One can alternate between $\mathcal{T}_\lambda^{\pi, \rightarrow}$ and $\mathcal{T}_\lambda^{\pi, \leftarrow}$ during fixed-point iterations. This has been shown to accelerate convergence of $\mathbf{M}_\lambda^\pi$ [2] by reducing the dimension of the subspace where its convergence is at its slowest.
Factorisation
Forward-Backward
Learning $\mathbf{M}_\lambda^\pi$ involves estimating $\mathrm{S}^2$ parameters, and in its current form, does not allow for much interpretation or generalisation across states. As a first step to alleviate those issues, we can learn a factorised version of $\mathbf{M}_\lambda^\pi$. Concretely, we assume a low-rank structure for the state occupancy matrix; let $\mathbf{F}_\lambda^\pi$ and $\mathbf{B}_\lambda^\pi \in\mathbb{R}^{d\times \mathrm{S}}$ with $d<\mathrm{S}$ such that: $$ \tag{5} \mathbf{M}_\lambda^\pi = (\mathbf{F}_\lambda^\pi)^\top \mathbf{B}_\lambda^\pi\; . $$
We can interpret $\mathbf{F}_\lambda^\pi$ and $\mathbf{B}_\lambda^\pi$ as mappings from $\mathcal{S}$ to $\mathbb{R}^d$, effectively embedding each state into a more compact representation. Each entry in $\mathbf{M}_\lambda^\pi$ is now obtained by the scalar products between the columns of the forward $\mathbf{F}_\lambda^\pi$ and backward $\mathbf{B}_\lambda^\pi$ matrices. Beyond providing us with tools to compactly represent states, this paves the way for using successor states in a control fashion (for a later post).

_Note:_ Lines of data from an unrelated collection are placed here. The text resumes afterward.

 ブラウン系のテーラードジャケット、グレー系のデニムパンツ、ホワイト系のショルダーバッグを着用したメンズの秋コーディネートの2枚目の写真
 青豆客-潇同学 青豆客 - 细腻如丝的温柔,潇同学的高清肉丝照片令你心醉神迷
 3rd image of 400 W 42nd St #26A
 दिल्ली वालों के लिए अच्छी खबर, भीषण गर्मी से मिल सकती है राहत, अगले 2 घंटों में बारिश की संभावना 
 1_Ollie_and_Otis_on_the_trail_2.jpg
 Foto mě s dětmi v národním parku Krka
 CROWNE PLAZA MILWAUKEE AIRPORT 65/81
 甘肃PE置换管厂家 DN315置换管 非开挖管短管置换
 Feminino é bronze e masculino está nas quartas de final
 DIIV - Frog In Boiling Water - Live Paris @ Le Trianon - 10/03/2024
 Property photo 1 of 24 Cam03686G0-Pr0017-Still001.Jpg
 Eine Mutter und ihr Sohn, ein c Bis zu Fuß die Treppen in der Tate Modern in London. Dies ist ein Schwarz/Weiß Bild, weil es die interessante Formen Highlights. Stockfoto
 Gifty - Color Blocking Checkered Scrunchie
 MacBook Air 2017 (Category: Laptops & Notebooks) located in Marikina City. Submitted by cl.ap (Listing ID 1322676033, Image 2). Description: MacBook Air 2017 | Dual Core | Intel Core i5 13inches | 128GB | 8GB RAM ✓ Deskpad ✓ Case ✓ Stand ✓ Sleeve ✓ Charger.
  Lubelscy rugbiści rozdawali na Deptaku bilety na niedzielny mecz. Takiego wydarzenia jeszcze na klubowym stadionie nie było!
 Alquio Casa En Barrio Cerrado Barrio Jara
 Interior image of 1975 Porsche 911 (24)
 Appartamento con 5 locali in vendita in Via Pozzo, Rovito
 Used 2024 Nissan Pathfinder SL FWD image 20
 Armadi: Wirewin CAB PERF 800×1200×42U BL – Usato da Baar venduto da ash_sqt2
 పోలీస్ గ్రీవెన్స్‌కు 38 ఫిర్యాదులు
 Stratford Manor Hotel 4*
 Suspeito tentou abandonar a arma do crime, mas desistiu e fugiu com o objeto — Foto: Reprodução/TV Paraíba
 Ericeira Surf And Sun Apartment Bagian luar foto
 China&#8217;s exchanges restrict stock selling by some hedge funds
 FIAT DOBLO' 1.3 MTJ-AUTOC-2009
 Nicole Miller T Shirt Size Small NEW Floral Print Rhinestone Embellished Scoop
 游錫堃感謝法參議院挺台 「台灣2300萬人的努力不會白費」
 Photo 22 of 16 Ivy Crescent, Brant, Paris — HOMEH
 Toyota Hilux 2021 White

The forward and backward matrices laid out in (5) also check some fixed-point equations (by simply replacing them in $\mathbf{M}_\lambda^\pi$’s fixed-point characterisation). However, hoping to approximate them via fixed-point iterations is somewhat futile (for instance, it is clear that their definition via (5) is not unique). Below, we let go of theoretical guarantees and follow [2] ; we will instead illustrate how to compute gradient updates for $\mathbf{F}_\lambda^\pi$ based on Bellman residual minimisation. (Similar computations hold for $\mathbf{B}_\lambda^\pi$). To reduce clutter, we will now use the shorthand $\mathbf{F}:=\mathbf{F}_\lambda^\pi$ and $\mathbf{B}:=\mathbf{B}_\lambda^\pi$.
TD-like updates
Assume $\mathbf{B}$ fixed. The forward successor Bellman equations for $\mathbf{F}$ writes $ \mathbf{F}^\top\mathbf{B} = \mathbf{I}_d + \lambda\mathbf{P}_\pi\mathbf{F}^\top\mathbf{B}\; . $ A reasonable value for $\mathbf{F}$ minimises the Bellman residual: $$ \min_{\mathbf{F}\in\mathbb{R}^{d\times\mathrm{S}}} \left\| \mathbf{F}^\top\mathbf{B} - (\mathbf{I}_d + \lambda\mathbf{P}_\pi\mathbf{F}^\top\mathbf{B})\right\|_2^2\; , $$ where the matrix $\ell_2$-norm is $\|\mathbf{A}\|_2^2 = \text{Tr}(\mathbf{A}\mathbf{A}^\top)$. This program, however, does not admit a closed-form. Instead, we can follow some now well-established ideas, and update $\mathbf{F}$ along the gradients of the objective: $ J(\mathbf{F}) := \left\| \mathbf{F}^\top\mathbf{B} - (\mathbf{I}_d + \lambda\mathbf{P}_\pi\mathbf{F}^\top\mathbf{B})_\bot\right\|_2^2\;, $ where $\bot$ in the stop-gradient operator (a la target networks). This yields the update rule: $$ \tag{6} \delta \mathbf{F} \propto \mathbf{B} - \mathbf{B}\mathbf{B}^\top\mathbf{F}( \mathbf{I}_d- \lambda\mathbf{P}_\pi^\top)\; . $$ Turns out, (6) yields the basis for learning $\mathbf{F}$ under more intricate conditions, such as e.g. continuous states.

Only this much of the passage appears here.